2022 Fiscal Year Research-status Report
CO2地中貯留における地化学反応を考慮した長期的なCO2流動特性に関する研究
Project/Area Number |
22K14325
|
Research Institution | Kyushu University |
Principal Investigator |
本田 博之 九州大学, 工学研究院, 助教 (40894001)
|
Project Period (FY) |
2022-04-01 – 2025-03-31
|
Keywords | CO2地中貯留 / 砂岩 / 玄武岩 / 弾性波トモグラフィ / 長期間の注入実験 |
Outline of Annual Research Achievements |
CO2地中貯留における,貯留層の安全性や圧入性(経済性)を評価するうえで,長期間に渡るCO2の流動特性の把握が不可欠である。貯留層では,地層水-岩石―CO2が互いに地化学反応を起こし,空隙構造へ影響を与えていると予想されるが,詳しいメカニズムは明らかになっていない。そこで,本研究は空隙構造や鉱物組成の異なる複数の岩石に対し,連続フローを導入した長時間のCO2注入実験において,地化学反応が貯留層へ与えるCO2流動特性への影響を明らかにする。 2022年度は,本研究で使用するCO2注入実験システムの開発とCO2との反応性が低い国内産の砂岩へのCO2注入実験を実施した。

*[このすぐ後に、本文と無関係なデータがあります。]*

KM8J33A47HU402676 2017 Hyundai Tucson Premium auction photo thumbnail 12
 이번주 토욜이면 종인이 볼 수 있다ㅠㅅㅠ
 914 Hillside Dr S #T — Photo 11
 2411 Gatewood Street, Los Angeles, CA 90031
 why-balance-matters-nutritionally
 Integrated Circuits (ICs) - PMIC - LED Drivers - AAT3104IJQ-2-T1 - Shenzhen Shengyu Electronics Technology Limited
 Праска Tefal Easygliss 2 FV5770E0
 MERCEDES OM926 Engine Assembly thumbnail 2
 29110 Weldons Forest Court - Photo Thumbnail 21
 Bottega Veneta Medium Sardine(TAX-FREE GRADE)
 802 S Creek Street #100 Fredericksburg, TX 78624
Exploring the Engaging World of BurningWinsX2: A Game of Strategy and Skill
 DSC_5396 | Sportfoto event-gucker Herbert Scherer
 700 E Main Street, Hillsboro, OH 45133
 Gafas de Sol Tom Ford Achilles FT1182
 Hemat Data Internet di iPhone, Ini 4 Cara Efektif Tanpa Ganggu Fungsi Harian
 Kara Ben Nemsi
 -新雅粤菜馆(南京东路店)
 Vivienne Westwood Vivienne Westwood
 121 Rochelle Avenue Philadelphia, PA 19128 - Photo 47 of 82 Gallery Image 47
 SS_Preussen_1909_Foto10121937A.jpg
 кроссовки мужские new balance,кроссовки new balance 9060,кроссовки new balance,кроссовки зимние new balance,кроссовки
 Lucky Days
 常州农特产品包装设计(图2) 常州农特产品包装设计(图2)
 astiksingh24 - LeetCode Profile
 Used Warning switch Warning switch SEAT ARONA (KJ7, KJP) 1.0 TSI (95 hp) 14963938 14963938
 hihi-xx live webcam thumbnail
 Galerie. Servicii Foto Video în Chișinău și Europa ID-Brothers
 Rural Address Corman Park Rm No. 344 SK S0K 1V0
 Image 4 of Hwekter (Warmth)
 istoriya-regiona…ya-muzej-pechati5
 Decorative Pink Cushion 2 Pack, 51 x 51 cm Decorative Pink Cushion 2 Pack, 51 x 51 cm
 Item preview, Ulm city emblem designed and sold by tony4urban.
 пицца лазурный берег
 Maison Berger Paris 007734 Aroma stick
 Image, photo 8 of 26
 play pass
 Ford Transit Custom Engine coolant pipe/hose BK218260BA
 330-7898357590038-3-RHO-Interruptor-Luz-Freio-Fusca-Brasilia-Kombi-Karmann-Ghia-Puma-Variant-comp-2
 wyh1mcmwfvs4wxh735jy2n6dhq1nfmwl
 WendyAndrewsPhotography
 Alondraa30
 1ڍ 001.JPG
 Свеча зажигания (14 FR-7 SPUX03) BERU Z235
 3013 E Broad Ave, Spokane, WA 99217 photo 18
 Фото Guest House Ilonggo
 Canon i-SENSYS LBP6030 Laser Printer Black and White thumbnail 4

具体的には,①弾性波を取得するための機器の整備や計測システムの開発,②貯留層の条件を再現した長時間のCO2注入実験,③弾性波トモグラフィによる試験体の弾性波速度分布の分析となっている。①に関しては,MATLABによる弾性波システムの開発を実施するとともに,試験体のセンサー配置を工夫することで,試験体のCO2注入方向における弾性波を64箇所計測できるような仕様とした。①で開発したシステム用いて,②においてCO2が超臨界状態となる温度・圧力を再現し,1,000時間を超える注入実験を実施した。また,実験中に取得した弾性波のデータから,弾性波トモグラフィ(地層科学研究所:Geo-Tomography)による弾性波速度分布も把握可能となった。これまで,長時間のCO2注入実験において,連続して弾性波を取得した例はないことから有用な成果であるといえる。
|
Current Status of Research Progress |
Current Status of Research Progress
2: Research has progressed on the whole more than it was originally planned.
Reason
本研究では, CO2注入実験において,地化学反応が貯留層へ与えるCO2流動特性への影響を明らかにすることを目的としている。地化学反応は数時間で生じることはないため,長時間のCO2注入実験を厳密な温度・圧力条件下で実施する必要がある。また,実験中の弾性波データを取得することで,試験体内の水・CO2の状況の把握が可能となる。以上のことを踏まえ,2022年度は,弾性波計測システムの開発と1,000時間を超える連続的なCO2注入実験が実施でき,さらに,取得した弾性波データから弾性波トモグラフィが可能となったことから,本研究はおおむね順調に進展しているといえる。
|
Strategy for Future Research Activity |
本研究では,2022年度に実施した砂岩に加え, CO2との反応性がよい玄武岩への注入を実施し,地化学反応が貯留層へ与える影響の把握を行う。実験システムの開発並びに玄武岩の産地選定と入手・整形は実施済みであり,現在実施しているCO2注入実験が終了し次第,サンプルを変更し実験を開始する予定である。また,1,000時間を優に超える実験におけるデータの分析に時間を要すことから,自動化を試みるなど,改善を行う予定である。なお,実験前後のサンプルのCT撮影やSEM,XRD撮影なども順次実施し,地化学反応が貯留層へ与える影響を明らかにする。